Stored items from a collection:
────────

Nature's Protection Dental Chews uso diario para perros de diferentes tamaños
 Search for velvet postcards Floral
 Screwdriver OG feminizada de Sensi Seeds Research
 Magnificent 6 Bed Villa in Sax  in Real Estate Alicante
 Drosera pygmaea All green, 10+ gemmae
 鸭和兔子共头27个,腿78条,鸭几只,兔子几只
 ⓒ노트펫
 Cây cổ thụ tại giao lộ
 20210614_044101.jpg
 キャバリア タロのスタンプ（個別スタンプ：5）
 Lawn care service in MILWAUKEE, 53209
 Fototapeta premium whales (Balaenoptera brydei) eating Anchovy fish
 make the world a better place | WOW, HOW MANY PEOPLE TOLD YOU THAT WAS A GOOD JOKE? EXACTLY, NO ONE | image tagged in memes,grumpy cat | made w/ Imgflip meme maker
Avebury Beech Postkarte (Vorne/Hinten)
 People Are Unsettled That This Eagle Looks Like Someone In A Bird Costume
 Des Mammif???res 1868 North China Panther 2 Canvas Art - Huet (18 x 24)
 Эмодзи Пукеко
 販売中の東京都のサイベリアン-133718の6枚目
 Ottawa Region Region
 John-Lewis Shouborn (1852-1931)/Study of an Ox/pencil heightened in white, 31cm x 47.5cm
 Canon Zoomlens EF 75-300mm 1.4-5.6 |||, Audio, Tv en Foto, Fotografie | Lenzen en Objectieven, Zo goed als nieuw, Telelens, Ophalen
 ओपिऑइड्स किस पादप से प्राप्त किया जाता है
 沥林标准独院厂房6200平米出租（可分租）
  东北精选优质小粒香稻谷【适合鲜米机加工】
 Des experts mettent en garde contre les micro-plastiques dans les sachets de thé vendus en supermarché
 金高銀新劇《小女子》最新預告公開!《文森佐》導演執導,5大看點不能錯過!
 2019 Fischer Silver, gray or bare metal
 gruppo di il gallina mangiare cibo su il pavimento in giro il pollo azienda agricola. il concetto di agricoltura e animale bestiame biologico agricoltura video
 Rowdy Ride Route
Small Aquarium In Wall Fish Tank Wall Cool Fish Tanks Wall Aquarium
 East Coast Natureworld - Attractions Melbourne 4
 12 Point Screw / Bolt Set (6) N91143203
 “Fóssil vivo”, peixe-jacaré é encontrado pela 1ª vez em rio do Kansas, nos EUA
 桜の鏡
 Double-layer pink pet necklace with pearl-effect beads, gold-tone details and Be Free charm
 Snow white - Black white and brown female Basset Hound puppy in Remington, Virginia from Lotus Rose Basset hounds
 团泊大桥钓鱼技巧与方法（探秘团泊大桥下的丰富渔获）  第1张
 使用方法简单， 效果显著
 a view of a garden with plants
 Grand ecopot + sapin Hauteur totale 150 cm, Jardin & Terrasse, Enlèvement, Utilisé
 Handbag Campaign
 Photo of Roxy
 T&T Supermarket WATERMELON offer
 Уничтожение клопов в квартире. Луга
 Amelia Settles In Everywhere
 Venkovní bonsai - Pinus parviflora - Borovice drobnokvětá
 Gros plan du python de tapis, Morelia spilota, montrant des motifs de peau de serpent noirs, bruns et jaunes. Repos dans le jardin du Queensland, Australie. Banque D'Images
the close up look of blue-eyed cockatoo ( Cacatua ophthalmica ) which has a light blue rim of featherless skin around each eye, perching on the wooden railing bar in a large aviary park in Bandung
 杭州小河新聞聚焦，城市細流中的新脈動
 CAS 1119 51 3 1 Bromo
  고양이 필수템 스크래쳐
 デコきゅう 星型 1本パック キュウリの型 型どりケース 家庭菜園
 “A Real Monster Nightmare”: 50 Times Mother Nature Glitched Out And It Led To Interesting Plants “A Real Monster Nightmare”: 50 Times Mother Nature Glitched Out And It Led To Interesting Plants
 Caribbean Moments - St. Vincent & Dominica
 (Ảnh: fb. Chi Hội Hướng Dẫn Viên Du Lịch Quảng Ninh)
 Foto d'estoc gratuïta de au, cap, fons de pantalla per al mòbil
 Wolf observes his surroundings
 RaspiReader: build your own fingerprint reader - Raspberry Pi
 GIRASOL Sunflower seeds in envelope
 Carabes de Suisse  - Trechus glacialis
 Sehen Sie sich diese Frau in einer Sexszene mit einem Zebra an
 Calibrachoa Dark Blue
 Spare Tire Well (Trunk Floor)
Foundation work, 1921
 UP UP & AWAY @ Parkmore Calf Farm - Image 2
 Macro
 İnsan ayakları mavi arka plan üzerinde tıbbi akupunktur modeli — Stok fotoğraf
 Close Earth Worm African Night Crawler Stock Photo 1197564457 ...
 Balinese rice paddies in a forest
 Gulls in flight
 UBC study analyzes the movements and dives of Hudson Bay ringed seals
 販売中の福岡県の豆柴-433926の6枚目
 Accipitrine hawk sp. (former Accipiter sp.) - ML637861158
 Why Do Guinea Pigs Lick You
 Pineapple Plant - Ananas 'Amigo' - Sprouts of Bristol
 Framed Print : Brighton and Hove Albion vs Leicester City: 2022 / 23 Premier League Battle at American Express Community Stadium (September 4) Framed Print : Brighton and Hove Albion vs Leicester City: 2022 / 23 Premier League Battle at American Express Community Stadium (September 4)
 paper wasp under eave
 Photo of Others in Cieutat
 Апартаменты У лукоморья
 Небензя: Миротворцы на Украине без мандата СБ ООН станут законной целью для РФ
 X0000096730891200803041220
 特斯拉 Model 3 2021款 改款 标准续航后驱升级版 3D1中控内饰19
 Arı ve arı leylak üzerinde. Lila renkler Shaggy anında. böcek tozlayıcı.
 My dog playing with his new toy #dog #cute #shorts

────────

Work order ▸
For the lines above, output exactly those from the line containing "販売中の福岡県の豆柴-433926の6枚目" through the line containing "Pineapple Plant - Ananas", and skip the others.

Final answer ▸
 販売中の福岡県の豆柴-433926の6枚目
 Accipitrine hawk sp. (former Accipiter sp.) - ML637861158
 Why Do Guinea Pigs Lick You
 Pineapple Plant - Ananas 'Amigo' - Sprouts of Bristol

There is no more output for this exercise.